EXERCISE REQUIREMENTS —
A verbatim transcription of the listing below is required, without its pictures.

INFORMATION PROVIDED —
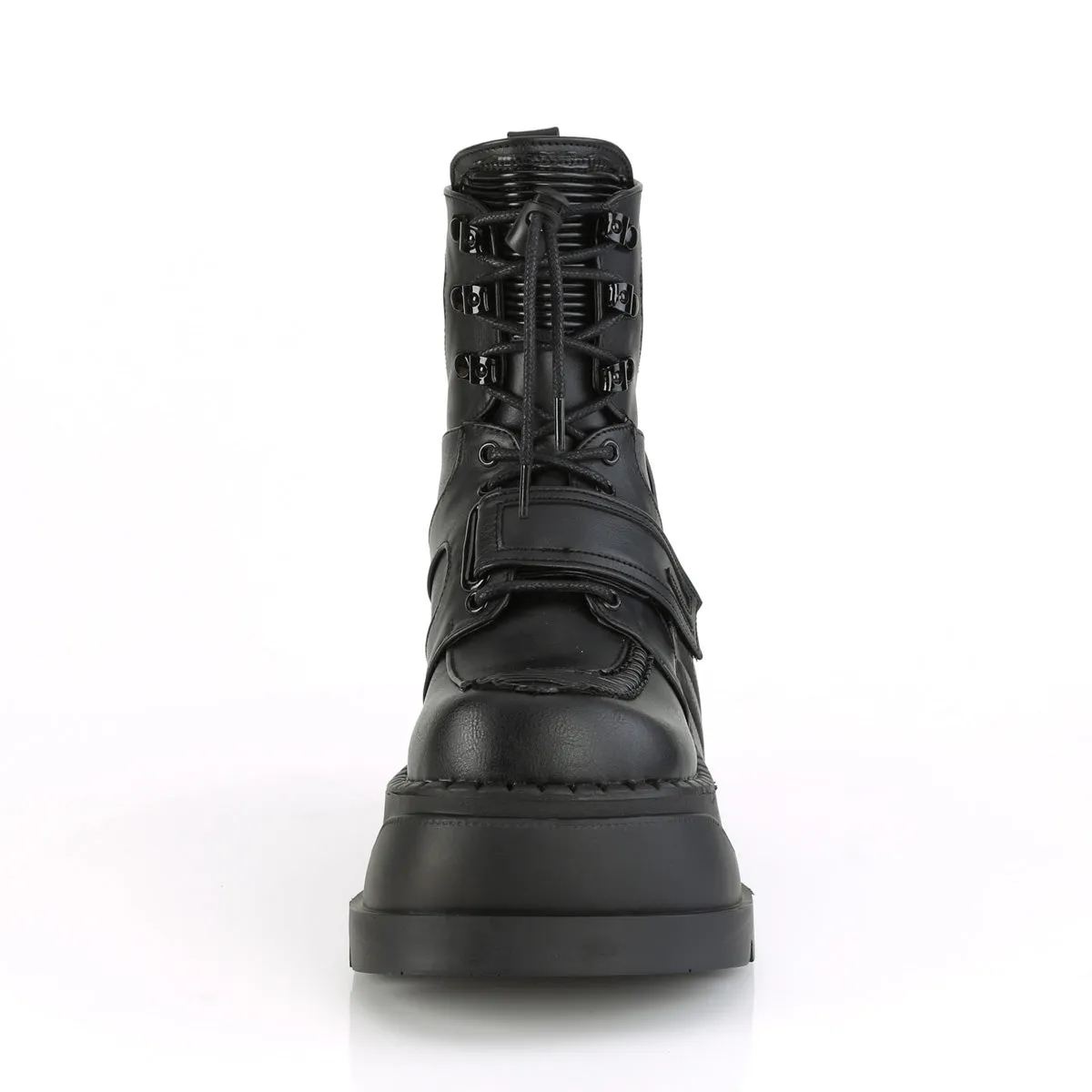 STOMP-13 DemoniaCult Black Vegan Leather Sexy Women's Ankle Boots (Alternative Footwear)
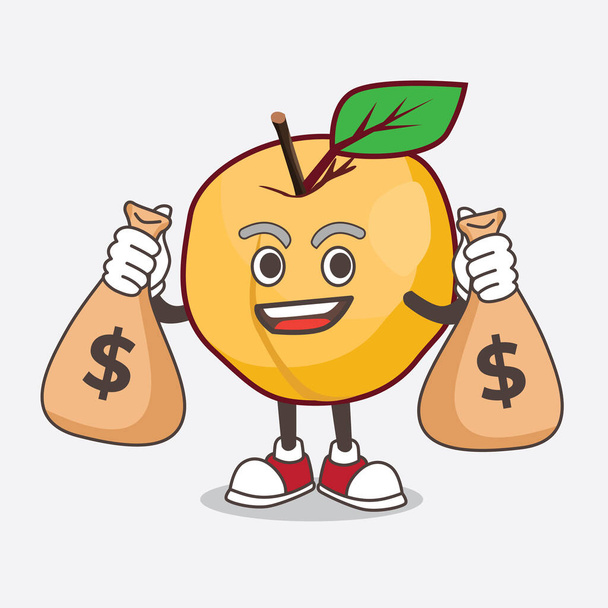 Un'immagine del personaggio della mascotte del fumetto di albicocche che tiene i sacchetti di denaro
 - Vettoriali, immagini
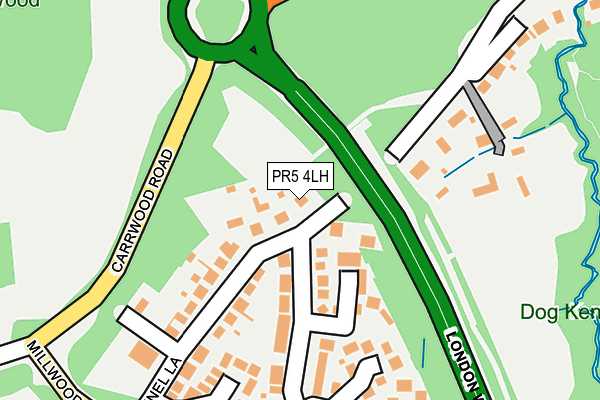 PR5 4LH map - OS OpenMap – Local (Ordnance Survey)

RESPONSE BOX —
 STOMP-13 DemoniaCult Black Vegan Leather Sexy Women's Ankle Boots (Alternative Footwear)
 Un'immagine del personaggio della mascotte del fumetto di albicocche che tiene i sacchetti di denaro
 - Vettoriali, immagini
 PR5 4LH map - OS OpenMap – Local (Ordnance Survey)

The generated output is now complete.